= What the exercise asks =
Starting from the line in which "Buy Dome of" appears, set down each line exactly through the end of the listing, and nothing else. Leave out pictures.
^^^^
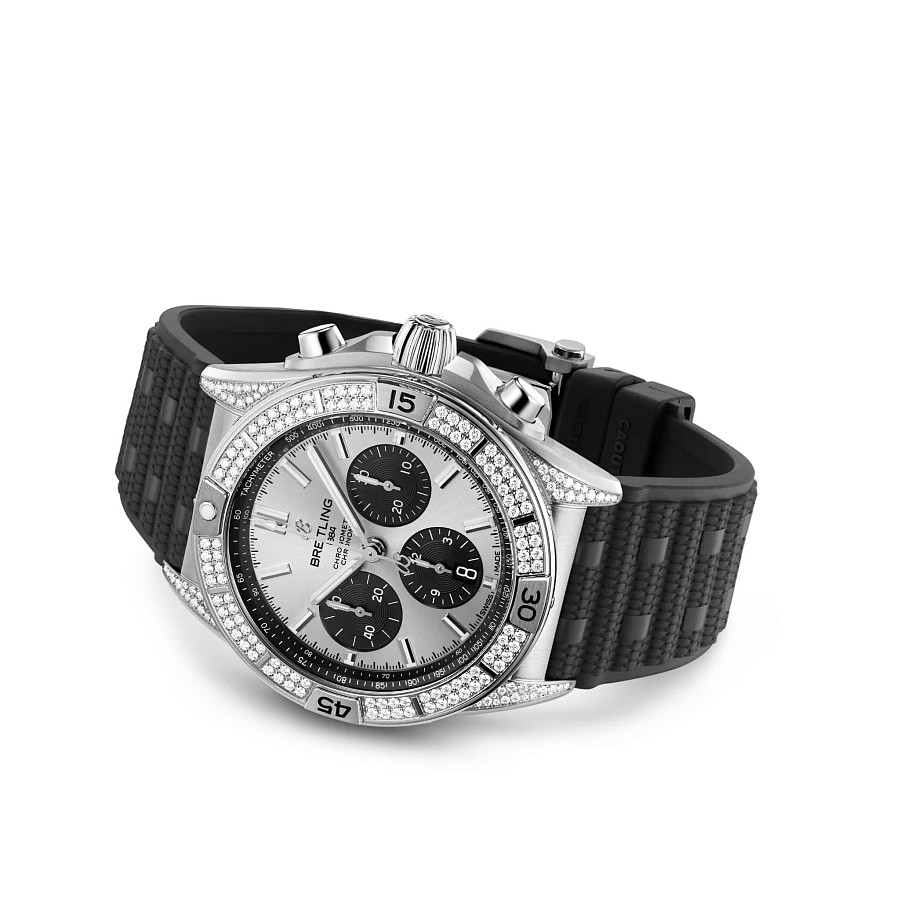 Часы Breitling Chronomat B01 42 mm AB0134721G1S2 — металл сталь, Швейцария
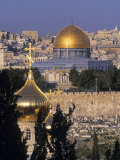Buy Dome of the Rock, Temple Mount, Jerusalem, Israel at AllPosters.com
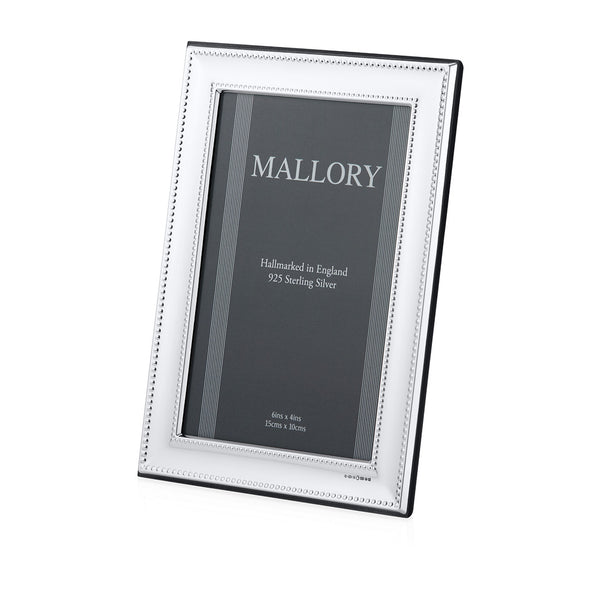 Norwich Sterling Silver Photo Frame (Single) 6 x 4"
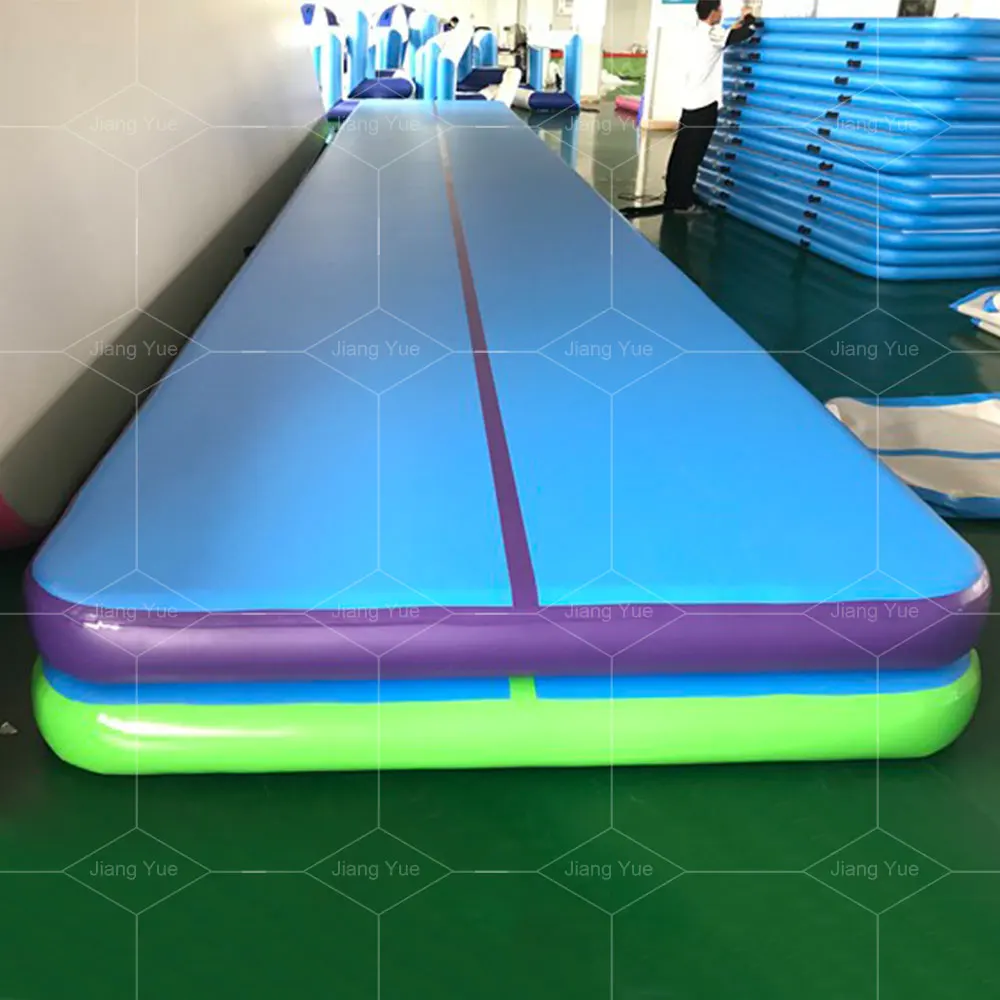 

4m/5m/6m/8m/10m/12m/15m Inflatable Air Track Gymnastics Inflatable Tumble Airtrack Air Tumbling Floor Mat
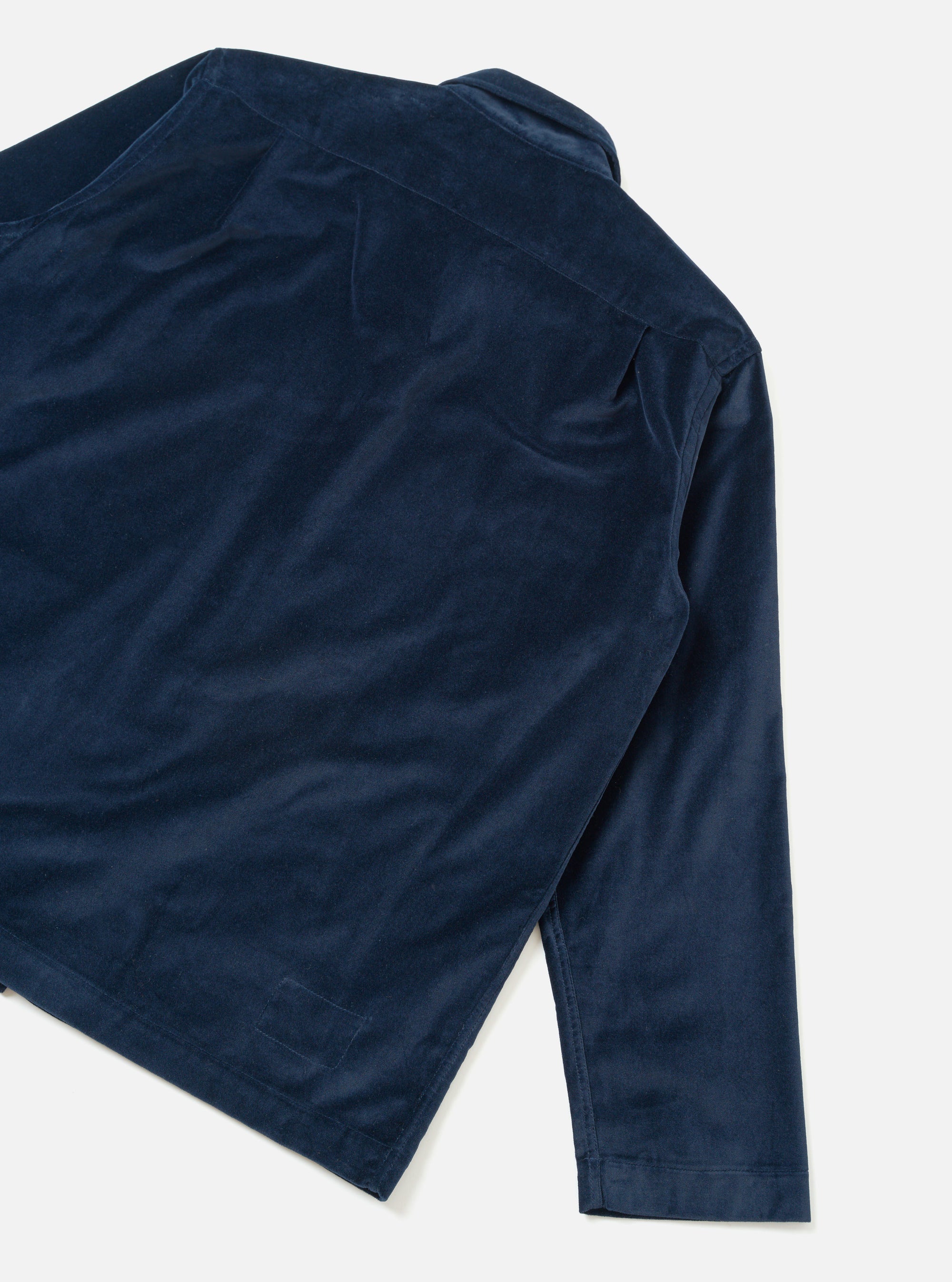 Navy CPH Velvet Dockside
^^^^
= Completed task =
Buy Dome of the Rock, Temple Mount, Jerusalem, Israel at AllPosters.com
 Norwich Sterling Silver Photo Frame (Single) 6 x 4"

4m/5m/6m/8m/10m/12m/15m Inflatable Air Track Gymnastics Inflatable Tumble Airtrack Air Tumbling Floor Mat
 Navy CPH Velvet Dockside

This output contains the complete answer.